══ Data
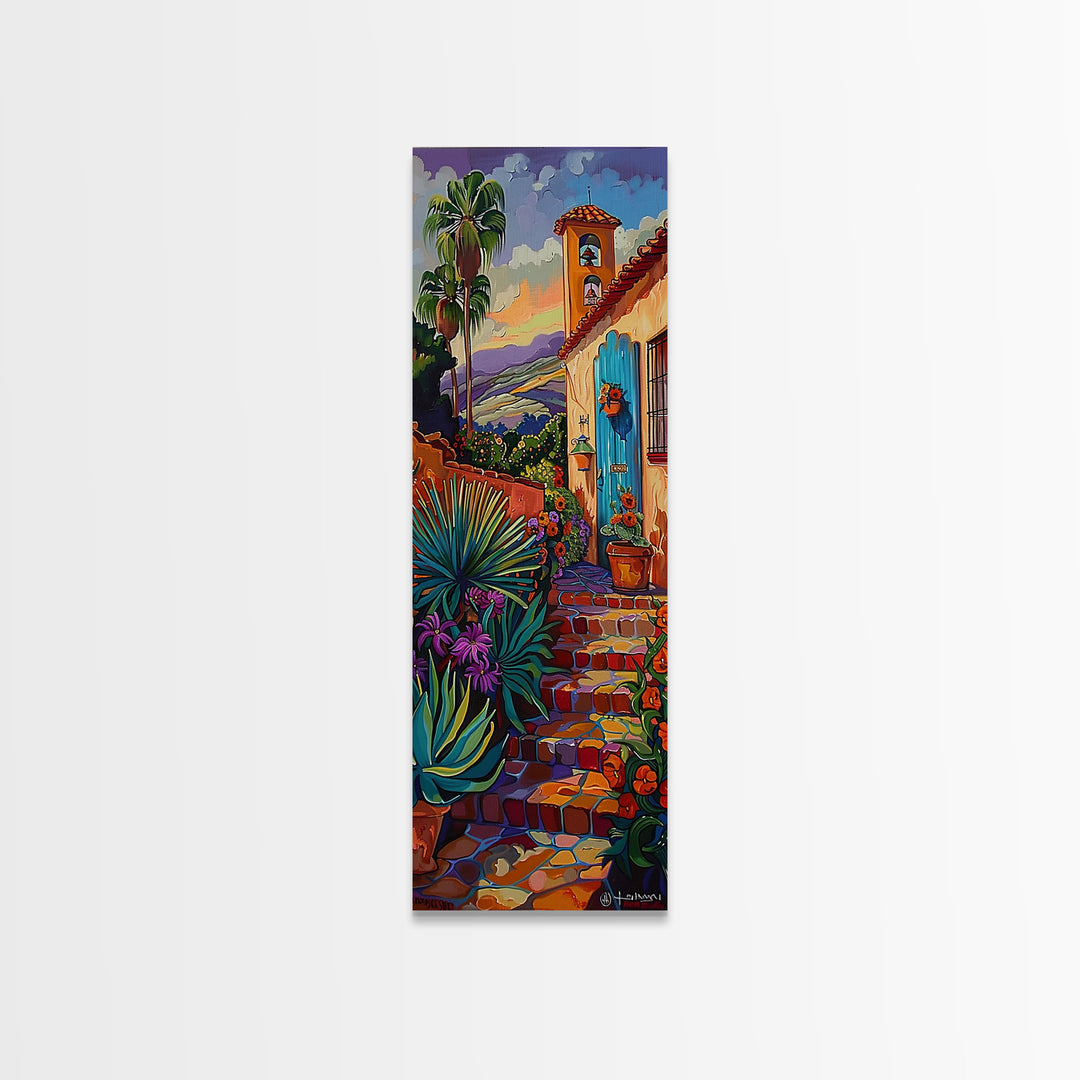 Contemporary Tuscan Style Oil Painting, Sunset Painting Framed and Printed on Canvas, Spanish Art, Living Room Wall Art Print, Mountain Art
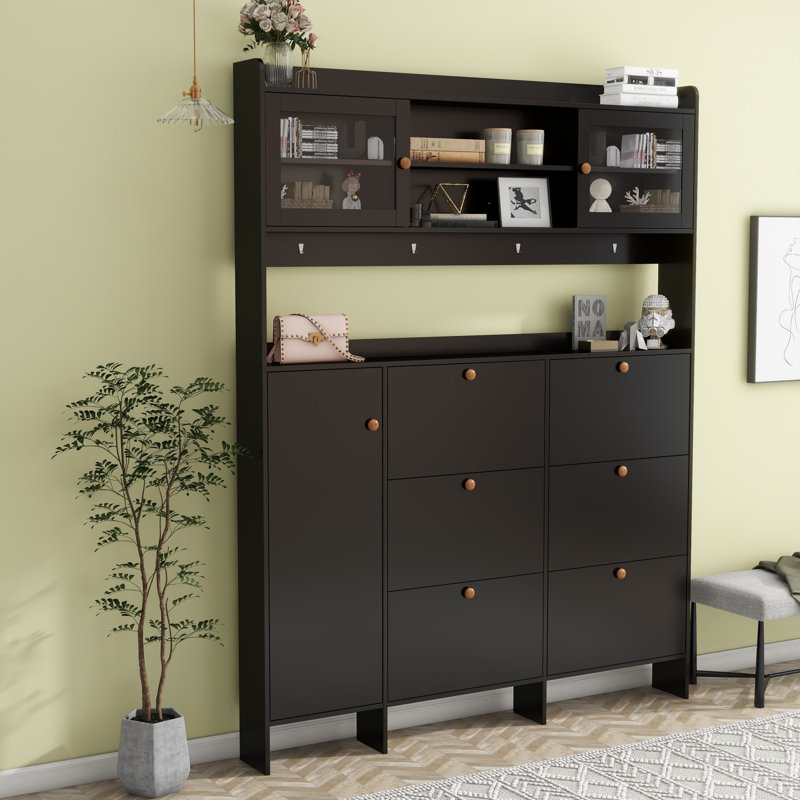 Armoire à chaussures multifonctionnelle avec tablette de rangement et 6 tiroirs rabattables, Noir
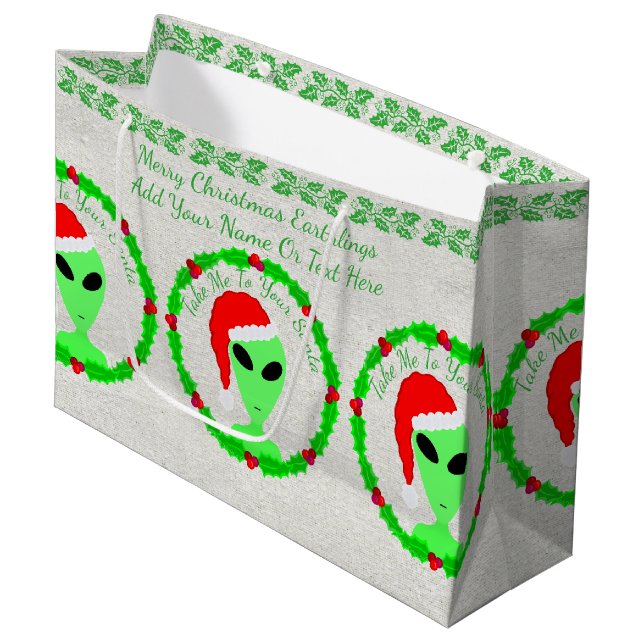 A Alien Santa Holly Wreath LGM Large Geek Humour Large Gift Bag (Front Angled)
════
• _Work request_: What the task needs is the material above repeated exactly, pictures excepted.

• _Result of the task_:
 Contemporary Tuscan Style Oil Painting, Sunset Painting Framed and Printed on Canvas, Spanish Art, Living Room Wall Art Print, Mountain Art
 Armoire à chaussures multifonctionnelle avec tablette de rangement et 6 tiroirs rabattables, Noir
 A Alien Santa Holly Wreath LGM Large Geek Humour Large Gift Bag (Front Angled)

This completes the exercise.